[Short web captions]
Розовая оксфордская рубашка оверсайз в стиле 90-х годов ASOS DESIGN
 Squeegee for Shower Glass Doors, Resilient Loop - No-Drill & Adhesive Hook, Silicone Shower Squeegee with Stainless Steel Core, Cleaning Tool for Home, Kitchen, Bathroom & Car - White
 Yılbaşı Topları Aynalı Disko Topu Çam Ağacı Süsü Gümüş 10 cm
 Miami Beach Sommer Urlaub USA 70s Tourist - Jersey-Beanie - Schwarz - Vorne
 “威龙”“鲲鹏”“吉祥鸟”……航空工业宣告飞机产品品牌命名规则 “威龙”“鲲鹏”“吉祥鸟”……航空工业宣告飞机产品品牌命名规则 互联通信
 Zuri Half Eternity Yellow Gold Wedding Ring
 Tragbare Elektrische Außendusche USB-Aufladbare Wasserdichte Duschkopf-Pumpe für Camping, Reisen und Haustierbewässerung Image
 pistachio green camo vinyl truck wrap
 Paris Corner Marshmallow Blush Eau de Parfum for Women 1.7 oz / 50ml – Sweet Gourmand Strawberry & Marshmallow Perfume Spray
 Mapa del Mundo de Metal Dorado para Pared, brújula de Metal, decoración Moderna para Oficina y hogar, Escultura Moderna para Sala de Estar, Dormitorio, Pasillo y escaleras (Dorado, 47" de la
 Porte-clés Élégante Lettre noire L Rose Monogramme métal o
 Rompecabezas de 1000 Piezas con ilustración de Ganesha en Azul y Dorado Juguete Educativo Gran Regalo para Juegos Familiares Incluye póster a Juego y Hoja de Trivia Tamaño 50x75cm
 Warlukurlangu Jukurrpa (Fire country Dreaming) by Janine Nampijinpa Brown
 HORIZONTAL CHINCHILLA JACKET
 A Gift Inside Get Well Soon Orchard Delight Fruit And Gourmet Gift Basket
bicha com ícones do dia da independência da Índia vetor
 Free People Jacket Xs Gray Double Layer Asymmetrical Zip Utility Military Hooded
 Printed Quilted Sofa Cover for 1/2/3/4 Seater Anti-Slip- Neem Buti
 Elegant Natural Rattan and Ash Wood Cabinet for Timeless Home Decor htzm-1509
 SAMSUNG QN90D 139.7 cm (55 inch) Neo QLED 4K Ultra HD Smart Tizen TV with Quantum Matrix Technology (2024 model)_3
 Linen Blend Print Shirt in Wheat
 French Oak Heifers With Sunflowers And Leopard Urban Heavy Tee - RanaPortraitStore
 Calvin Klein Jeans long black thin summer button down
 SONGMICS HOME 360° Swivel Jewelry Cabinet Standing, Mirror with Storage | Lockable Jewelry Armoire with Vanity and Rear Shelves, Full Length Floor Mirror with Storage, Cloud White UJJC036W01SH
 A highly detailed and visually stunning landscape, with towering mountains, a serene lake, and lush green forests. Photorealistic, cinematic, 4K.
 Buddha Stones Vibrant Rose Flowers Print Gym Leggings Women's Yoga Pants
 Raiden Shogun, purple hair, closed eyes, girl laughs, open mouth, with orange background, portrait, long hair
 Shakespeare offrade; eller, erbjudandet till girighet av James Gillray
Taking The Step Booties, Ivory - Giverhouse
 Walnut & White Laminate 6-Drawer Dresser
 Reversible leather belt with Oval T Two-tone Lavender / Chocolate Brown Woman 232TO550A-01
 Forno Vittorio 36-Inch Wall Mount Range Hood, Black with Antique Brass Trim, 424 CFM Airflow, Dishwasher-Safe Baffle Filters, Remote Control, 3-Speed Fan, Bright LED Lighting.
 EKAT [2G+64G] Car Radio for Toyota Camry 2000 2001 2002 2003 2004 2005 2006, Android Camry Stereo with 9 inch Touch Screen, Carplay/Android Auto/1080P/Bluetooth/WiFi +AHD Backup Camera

**PROBLEM**
Once the line containing "Miami Beach Sommer" has been written out, please stop; every line before it, back to the first line of the records above, should be given exactly.

**RESPONSE**
Розовая оксфордская рубашка оверсайз в стиле 90-х годов ASOS DESIGN
 Squeegee for Shower Glass Doors, Resilient Loop - No-Drill & Adhesive Hook, Silicone Shower Squeegee with Stainless Steel Core, Cleaning Tool for Home, Kitchen, Bathroom & Car - White
 Yılbaşı Topları Aynalı Disko Topu Çam Ağacı Süsü Gümüş 10 cm
 Miami Beach Sommer Urlaub USA 70s Tourist - Jersey-Beanie - Schwarz - Vorne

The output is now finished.